═════ Listed records
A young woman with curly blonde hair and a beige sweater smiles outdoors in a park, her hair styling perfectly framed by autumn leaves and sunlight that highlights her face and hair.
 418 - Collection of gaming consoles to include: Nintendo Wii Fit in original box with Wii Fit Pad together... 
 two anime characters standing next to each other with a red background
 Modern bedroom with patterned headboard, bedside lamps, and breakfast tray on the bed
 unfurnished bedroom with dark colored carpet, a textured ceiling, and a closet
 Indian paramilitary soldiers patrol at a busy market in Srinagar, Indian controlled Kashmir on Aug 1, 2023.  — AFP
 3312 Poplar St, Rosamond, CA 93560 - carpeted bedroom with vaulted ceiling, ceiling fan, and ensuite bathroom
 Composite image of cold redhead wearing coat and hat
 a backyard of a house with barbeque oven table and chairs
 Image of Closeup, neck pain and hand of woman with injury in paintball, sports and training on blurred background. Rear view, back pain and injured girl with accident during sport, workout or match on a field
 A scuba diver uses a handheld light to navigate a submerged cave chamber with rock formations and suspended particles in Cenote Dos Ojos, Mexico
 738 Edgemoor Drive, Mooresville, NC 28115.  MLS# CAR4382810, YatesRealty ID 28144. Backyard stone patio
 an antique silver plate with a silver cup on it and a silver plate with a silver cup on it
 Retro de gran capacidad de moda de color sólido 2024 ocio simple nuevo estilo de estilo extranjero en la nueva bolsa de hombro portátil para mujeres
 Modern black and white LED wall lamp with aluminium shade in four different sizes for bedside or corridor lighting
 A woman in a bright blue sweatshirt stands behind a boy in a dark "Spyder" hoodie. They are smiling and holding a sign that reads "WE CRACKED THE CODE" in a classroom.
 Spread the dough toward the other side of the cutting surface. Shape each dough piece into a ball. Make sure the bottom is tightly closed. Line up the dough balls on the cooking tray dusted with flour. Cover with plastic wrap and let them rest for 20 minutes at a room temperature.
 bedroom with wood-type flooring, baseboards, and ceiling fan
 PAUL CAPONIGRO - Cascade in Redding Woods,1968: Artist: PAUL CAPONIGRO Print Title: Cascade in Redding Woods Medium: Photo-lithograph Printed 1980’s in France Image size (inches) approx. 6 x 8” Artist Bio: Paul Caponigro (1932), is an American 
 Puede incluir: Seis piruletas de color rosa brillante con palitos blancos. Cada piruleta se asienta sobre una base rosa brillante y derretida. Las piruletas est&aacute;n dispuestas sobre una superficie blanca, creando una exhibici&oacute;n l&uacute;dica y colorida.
══════════
Copy out, word for word, the part of the entries above that begins at the line with "Composite image of" and ends at the line with "a backyard of", including both.

 Composite image of cold redhead wearing coat and hat
 a backyard of a house with barbeque oven table and chairs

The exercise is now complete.